I realized that I miss writing. Even if it's not something I'm particularly good at, I enjoy it, and I think I'm going to try to do more of it, even if it is just journaling and blogging.
This afternoon, during free time on our retreat, we headed out to the frozen pond, where the boys had played hockey earlier in the week. We were content to slide around in our shoes, although I'm proud to say that my shoes were by far the slickest, and I did win the contest to see how far we could slide after being slingshotted (is that a word?) across the ice. I also managed to fall unintentionally far more than anyone else, though maybe that has little to do with my slippery shoes. We were joined on the ice by Petrus, a Bernese mountain dog who lives at St. Malo, wanders the grounds without a collar (though has to be locked up during Mass or I'm told he's quite disruptive), and plays a mean game of tug-o-war. After our ice time, we hiked the John Paul II Trail, so named because the late pope hiked that path during his retreat to St. Malo during his stay in Colorado for WYD 1993 (btw, we held our meetings in the room he stayed in, and it was awesome to reflect on the amazing man that he was and how much he affected our whole generation, as well as each of us individually). Petrus led the way, stopping occasionally to make sure we were following him, using the break to veer from the trail to eat fresh snow. On the way back, he bounded ahead of us like a little puppy, stick in his mouth, begging us to chase him. Of course we obliged.

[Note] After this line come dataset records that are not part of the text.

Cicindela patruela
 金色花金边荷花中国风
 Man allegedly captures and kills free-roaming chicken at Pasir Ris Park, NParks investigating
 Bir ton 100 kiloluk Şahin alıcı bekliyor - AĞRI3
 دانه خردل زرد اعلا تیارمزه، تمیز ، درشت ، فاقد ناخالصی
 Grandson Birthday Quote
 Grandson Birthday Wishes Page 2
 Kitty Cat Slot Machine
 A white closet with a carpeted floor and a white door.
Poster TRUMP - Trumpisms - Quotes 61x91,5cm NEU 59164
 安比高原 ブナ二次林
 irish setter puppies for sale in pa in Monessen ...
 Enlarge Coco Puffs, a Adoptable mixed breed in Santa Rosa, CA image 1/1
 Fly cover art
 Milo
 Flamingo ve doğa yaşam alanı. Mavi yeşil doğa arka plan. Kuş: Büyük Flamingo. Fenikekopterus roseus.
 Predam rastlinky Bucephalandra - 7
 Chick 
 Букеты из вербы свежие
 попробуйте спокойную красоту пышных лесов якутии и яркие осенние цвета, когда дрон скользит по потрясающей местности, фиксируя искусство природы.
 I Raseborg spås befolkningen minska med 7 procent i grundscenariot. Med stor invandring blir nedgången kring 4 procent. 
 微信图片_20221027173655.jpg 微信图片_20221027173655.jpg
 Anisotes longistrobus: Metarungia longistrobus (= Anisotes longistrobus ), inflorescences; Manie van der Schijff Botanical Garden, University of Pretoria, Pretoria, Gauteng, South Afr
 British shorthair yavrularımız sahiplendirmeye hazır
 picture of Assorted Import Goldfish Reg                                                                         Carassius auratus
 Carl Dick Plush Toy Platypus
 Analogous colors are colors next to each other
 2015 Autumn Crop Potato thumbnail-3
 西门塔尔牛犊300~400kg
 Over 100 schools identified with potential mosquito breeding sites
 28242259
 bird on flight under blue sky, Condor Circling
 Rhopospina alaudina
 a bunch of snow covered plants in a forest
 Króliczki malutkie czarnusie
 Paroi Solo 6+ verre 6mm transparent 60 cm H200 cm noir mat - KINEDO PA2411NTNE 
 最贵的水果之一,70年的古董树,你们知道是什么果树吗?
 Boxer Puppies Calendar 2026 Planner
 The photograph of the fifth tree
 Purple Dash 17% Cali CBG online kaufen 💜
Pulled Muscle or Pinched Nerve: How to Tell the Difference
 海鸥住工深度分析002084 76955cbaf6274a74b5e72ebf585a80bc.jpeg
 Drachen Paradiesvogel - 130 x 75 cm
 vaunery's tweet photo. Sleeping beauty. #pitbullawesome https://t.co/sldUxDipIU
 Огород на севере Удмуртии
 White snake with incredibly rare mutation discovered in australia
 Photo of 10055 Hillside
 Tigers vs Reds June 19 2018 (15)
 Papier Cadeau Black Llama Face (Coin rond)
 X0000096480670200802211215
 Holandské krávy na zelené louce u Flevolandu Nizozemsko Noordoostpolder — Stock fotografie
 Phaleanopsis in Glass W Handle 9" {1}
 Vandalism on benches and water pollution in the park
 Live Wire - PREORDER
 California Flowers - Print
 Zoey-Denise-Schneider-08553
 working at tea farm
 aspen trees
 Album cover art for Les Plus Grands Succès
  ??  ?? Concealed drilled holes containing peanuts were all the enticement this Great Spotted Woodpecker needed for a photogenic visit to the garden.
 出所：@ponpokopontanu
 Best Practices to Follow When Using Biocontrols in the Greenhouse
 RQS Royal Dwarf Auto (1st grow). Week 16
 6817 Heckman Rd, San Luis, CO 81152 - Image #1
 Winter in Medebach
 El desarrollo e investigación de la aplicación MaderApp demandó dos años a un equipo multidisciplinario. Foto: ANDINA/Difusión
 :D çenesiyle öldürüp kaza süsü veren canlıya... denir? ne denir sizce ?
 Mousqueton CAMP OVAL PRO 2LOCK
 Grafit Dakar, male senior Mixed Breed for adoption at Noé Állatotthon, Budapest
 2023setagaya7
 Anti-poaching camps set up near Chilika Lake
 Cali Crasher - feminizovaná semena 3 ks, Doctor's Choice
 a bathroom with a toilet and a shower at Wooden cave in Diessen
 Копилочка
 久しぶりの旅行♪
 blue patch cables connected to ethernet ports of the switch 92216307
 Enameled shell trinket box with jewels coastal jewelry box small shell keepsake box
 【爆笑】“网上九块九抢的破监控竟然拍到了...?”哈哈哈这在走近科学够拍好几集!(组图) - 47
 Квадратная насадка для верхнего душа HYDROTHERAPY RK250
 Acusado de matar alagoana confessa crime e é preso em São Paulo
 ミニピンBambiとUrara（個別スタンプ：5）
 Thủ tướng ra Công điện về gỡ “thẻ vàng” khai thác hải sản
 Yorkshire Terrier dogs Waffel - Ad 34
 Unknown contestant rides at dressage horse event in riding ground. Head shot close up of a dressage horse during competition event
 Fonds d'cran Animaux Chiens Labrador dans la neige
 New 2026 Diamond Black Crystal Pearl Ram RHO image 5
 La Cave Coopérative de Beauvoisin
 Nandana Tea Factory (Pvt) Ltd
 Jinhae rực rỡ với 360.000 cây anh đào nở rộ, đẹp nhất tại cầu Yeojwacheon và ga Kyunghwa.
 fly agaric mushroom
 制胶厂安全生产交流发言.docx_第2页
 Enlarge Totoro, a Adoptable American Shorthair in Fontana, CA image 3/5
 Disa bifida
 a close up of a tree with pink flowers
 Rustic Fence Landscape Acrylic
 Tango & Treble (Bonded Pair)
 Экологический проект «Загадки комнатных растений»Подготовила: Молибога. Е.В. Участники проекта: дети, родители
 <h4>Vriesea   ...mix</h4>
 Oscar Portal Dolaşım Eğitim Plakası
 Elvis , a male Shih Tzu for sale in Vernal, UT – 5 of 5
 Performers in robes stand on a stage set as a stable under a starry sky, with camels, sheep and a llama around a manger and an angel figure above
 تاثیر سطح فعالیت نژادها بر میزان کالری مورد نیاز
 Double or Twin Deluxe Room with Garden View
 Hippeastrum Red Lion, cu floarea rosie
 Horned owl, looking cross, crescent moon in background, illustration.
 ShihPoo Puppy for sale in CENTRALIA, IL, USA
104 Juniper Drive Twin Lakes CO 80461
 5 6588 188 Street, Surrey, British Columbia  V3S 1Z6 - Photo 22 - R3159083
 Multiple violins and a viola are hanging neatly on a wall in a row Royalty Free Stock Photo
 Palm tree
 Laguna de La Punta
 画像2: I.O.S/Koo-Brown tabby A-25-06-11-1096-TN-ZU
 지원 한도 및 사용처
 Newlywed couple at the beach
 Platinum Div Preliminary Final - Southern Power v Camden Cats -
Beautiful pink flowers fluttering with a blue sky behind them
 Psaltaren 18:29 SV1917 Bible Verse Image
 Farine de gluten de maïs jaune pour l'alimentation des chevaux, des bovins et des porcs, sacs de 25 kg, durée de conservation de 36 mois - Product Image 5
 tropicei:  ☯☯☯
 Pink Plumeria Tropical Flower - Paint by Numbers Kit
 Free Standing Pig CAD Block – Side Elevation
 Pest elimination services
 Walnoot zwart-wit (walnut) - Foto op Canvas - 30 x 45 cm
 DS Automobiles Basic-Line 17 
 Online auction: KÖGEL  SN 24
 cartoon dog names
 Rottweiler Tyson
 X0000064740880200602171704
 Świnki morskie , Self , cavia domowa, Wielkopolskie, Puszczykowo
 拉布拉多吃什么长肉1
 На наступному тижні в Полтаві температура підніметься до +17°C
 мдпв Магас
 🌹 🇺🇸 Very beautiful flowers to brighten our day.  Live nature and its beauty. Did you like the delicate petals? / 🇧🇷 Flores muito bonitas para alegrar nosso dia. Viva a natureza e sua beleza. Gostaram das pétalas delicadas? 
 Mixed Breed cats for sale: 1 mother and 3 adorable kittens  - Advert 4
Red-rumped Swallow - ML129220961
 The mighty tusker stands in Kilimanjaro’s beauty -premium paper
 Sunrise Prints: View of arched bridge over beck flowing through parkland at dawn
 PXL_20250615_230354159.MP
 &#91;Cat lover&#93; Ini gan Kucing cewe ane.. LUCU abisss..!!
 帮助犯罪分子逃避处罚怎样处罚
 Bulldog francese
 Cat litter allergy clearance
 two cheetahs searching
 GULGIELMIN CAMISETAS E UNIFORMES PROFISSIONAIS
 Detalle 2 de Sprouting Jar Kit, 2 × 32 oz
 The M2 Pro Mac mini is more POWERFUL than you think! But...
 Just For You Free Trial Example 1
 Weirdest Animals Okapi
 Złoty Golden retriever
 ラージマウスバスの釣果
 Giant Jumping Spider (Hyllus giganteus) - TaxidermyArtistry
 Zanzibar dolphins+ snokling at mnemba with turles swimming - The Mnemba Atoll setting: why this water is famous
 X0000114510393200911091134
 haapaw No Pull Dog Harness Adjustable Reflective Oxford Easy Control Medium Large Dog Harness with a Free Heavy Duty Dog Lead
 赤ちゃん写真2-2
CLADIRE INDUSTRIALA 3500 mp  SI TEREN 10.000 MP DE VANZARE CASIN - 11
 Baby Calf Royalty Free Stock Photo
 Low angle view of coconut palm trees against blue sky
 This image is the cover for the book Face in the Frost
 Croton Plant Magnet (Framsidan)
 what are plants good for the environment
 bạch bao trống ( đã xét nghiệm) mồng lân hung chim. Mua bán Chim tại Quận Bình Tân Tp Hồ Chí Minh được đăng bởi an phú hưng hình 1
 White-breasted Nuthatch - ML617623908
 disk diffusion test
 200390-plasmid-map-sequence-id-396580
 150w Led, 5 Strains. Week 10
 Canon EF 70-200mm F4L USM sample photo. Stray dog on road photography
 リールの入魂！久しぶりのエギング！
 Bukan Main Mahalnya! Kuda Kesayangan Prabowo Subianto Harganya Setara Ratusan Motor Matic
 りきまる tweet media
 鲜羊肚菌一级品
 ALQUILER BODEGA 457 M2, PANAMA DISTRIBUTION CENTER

There were many other great moments this weekend, laughing hysterically at meals to stories of sleep-walking and marathons ("Tell the girls downtown..."), learning about the start of Marian groups in Denver, hiding in laundry hampers and scaring the crap out of Rachelle and Laura...you know, the usual stuff.
We also had plenty of time for prayer, sharing, reflection, and learning about ourselves and each other. I don't know that I made concrete steps in any direction this weekend, at least as far as my faith goes, but I know that God just wants me to stop worrying and love Him, because in the end, that's the only thing that matters, and nothing I can do is big enough to screw up His plans if He doesn't want it to. So I rest knowing that I am surrounded by holy, loving, funny, profound women of Christ and that I am never alone in my walk with Him.
1 comment:
Which frozen pond? The one with the rock bridge across? Or the one that the boys jumped into off the platform? Glad to hear you had a good time.